Dear Reinhard Meyer,
In message 4CB6A3D3.1020506@emk-elektronik.de you wrote:
dev = (struct eth_device *)malloc(sizeof *dev);
memset(dev, 0, sizeof(*dev));
sprintf (dev->name, "RTL8139#%d", card_number);
Apparently its quite common NOT to check malloc()'s possible NULL return value... At least most NET drivers don't seem to...
Maybe another RFC to avoid duplicating code:
malloc_cleared_panic() to allocate and clear memory for a really required structure and put a proper panic message if that fails. Assuming that continuing u-boot once a driver cannot even be initialized is futile, that would save even more code in each driver.

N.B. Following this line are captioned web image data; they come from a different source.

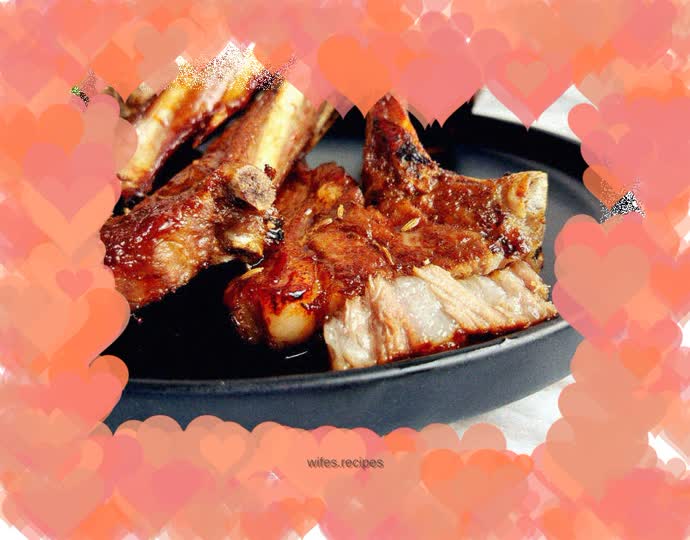 【Northeast】Honey Grilled Lamb Chops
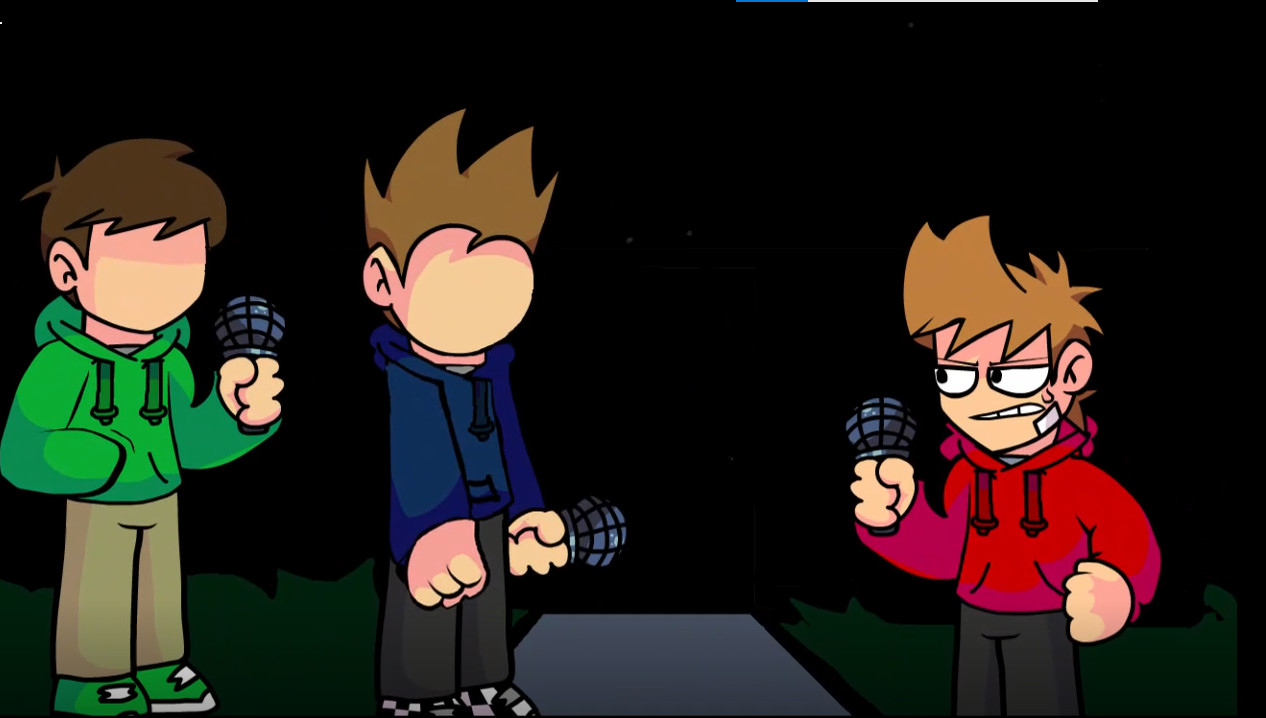 Dead-hope but edd/tom and tord sinng it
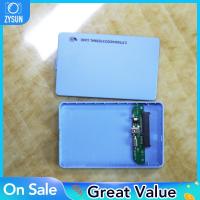 ราคา ZYSUN Portable Hard Drive Enclosure USB 2 0 for PS4 for for Laptop (20856956749)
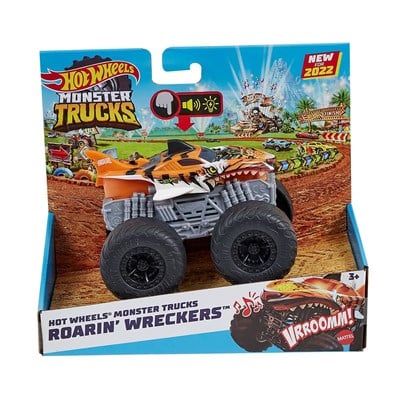 Monster Trucks Rhino Taşıyıcı Kamyon, Hot Wheels Monster Trucks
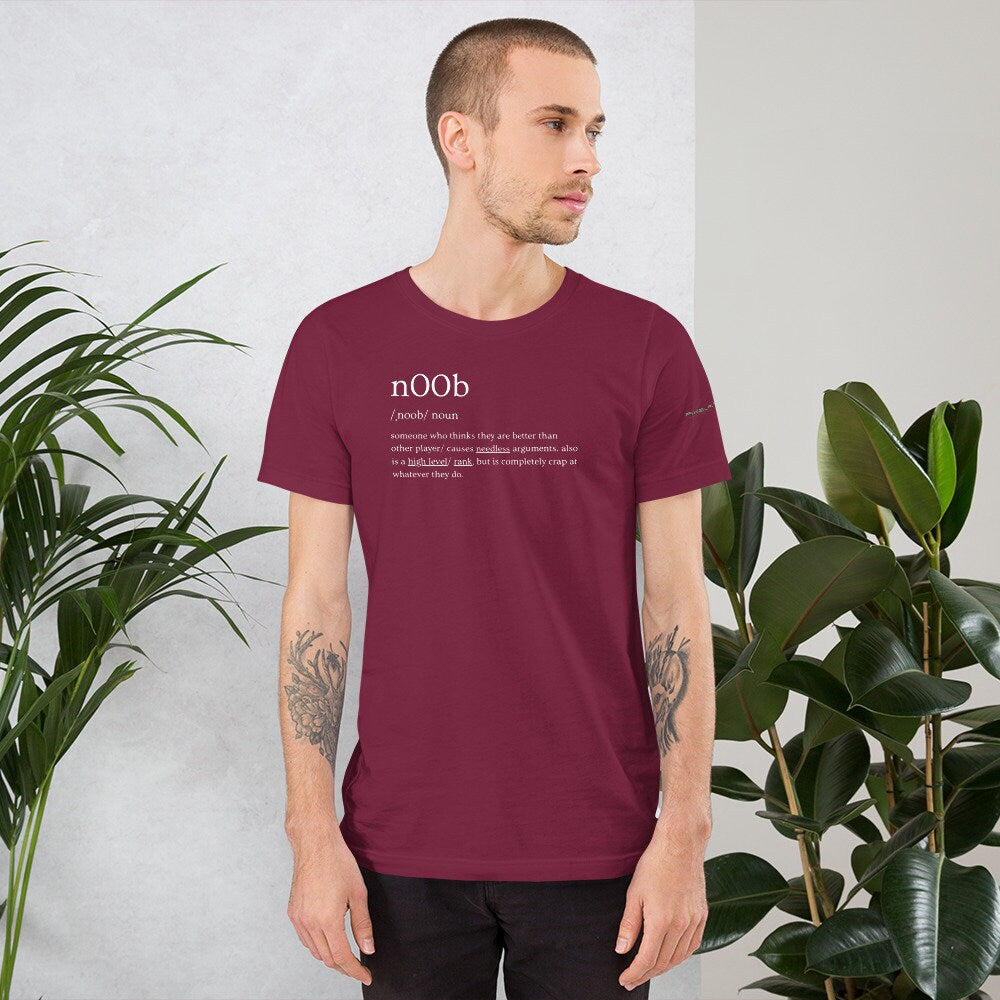 Noob Definition T-Shirt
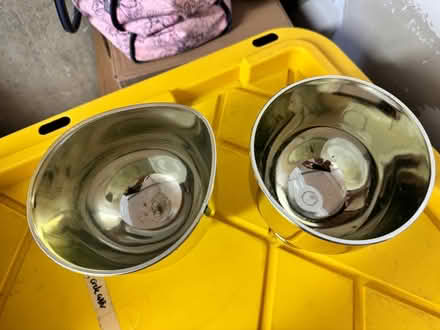 Photo of free Gold plastic floral vases (Fiesta gardens) #2
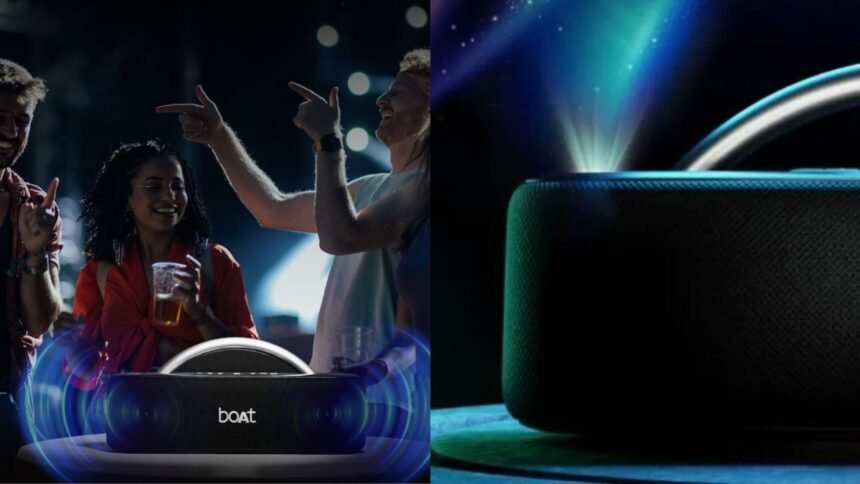 Boat LED Projector Speekar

Don't invent the wheel. If you really want to take that route, then copy existing solutions from other projects. Some of them use xmalloc() for this purpose; see for example BusyBox: http://git.busybox.net/busybox/tree/libbb/xfuncs_printf.c lines 44...51
But note that panicing is NOT always the best thing to do. This shouldbe reserved for really unrecoverable cases only.
Even if you cannot allocate a struct that is essential for your network driver, then all that is not working is this network driver, so this is NOT a reason to panic U-Boot. If someone cuts the network cable or pulls the plug the end effect is the same, and you don;t want U-Boot to panic because of htat, or do you?
Error handling is important, and needs to be done in a sensible way.